Yunus Emre adaşımı aşmak için onu o kadar çok sevmek zorundayım ki bilemezsin :) Beni eğitme onuruna layık olan ve bunun için enteresan şartlarıma mazhar olan nadir filozoflardandır :))  << 41'e eh işte azıcık hürmeten İki gündür kronik somurtma enflasyonumu yaşamıyorum :) Bildiğin gülüyorum ya :) >> Neden biliyor musun? Köydeyim şu anda. 12 gün filandır odunluğu temizlemekle meşguldüm. Odunluk dediğime bakma, içeriden bir gemi çıkarmadığım kaldı :) Kırdığım ahır tahtaları, 7-8 metre uzunluktaki suntaları filan her şey ile tıka basa dolu, bir korku filmin dekoru gibiydi :) O en gıcık olduğum mahluk acaba hangi delikten çıkacak diye bir gözüm sürekli kapının finish startındaydı :) Cumartesi işi nihayete erdirip akşam üzeri eve girdiğimde doğruca semavere yöneldim. Çay doldurup balkona çıktım. Sigaramı yaktım. Odunluğu bu kadar kısa günde nasıl boşalttığımı en az iki yıl süre ile her gün kendime hatırlatarak miskinliğimi memnun etmeyi düşünürken o anda bir kahkaha patlattım :)) Allah'tan bahçe kapısından o an birileri girmedi. Deli diye beni köye anons geçerdi. ''Oğlum sen nasıl bir çıkarcı manyaksın, belki de yaşayamayacağın o iki yıllık öz güven stokunu hangi akla hizmet saklayacaksın'' dedim kendime :) Hmm bir de ne göreyim? Meğer karşımda hayata tutunan bir Yunus Emre varmış da haberim yokmuş :) Kendimde peydahladığım bu öz güven ile, Pazar günü tüm aerodinamik özelliklerime tezatlık için gelecek olan bu 41'i cümle içinde kullanacak cesaretimin bile olmadığını fark ettim :) Lan bu kim ki dünyaya hükmeden xkurpiyer'e manyel yapıyor dedim ve o anda film koptu :) Ki, ona uyum sağlamak için özel yaşlanma programlarını kendime tâbi tutan, ruhumu nasıl etsem de yozlaştırsam diye bu rakamlar için vicdanımı yaşlandırmaya çalışan bendim :) Bu yazı işte o kahkaha sonrasında doğdu :) 

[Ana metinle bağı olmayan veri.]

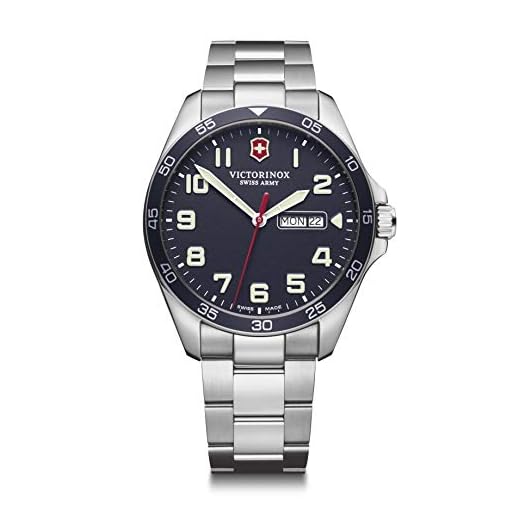 Victorinox Fieldforce Ø 42 mm Reloj de Pulsera de Hombre, Swiss Made, Cuarzo analógico, Sumergible hasta 100 m, Cristal de Zafiro, Pulsera de Acero Inoxidable, Plateado/Azul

Yazı yayınlandıktan sonra şöyle bir okuyayım dedim. Bunca senenin öcünü almak için sanırım biraz fazla hırslanmışım :) Beni kendi yazımda görünür yapmama nezaketini gösterdiğin için teşekkür ederim :) Çünkü bu blog yazımdaki tüm ifadelerim sadece kendimle dünyanın geneli arasındaki özel karmaşıklardan ibaret cümleler:) Yorucu olmayan, dinlendirici yorum/hediyene teşekkür ederim :) Mutlu doğum günlerinde sana sağlık, mutluluk, huzur, iyilik dileyen dostların hiç eksik olmasınlar :) Kalbine ve aklına tutunabilen doğum günlerinin olmasını diliyorum Fulya.

Türkiye'nin okuma standardı ile birebir örtüşen bir karikatür gördüm. Durumumuz gayet net hicvedilmiş :)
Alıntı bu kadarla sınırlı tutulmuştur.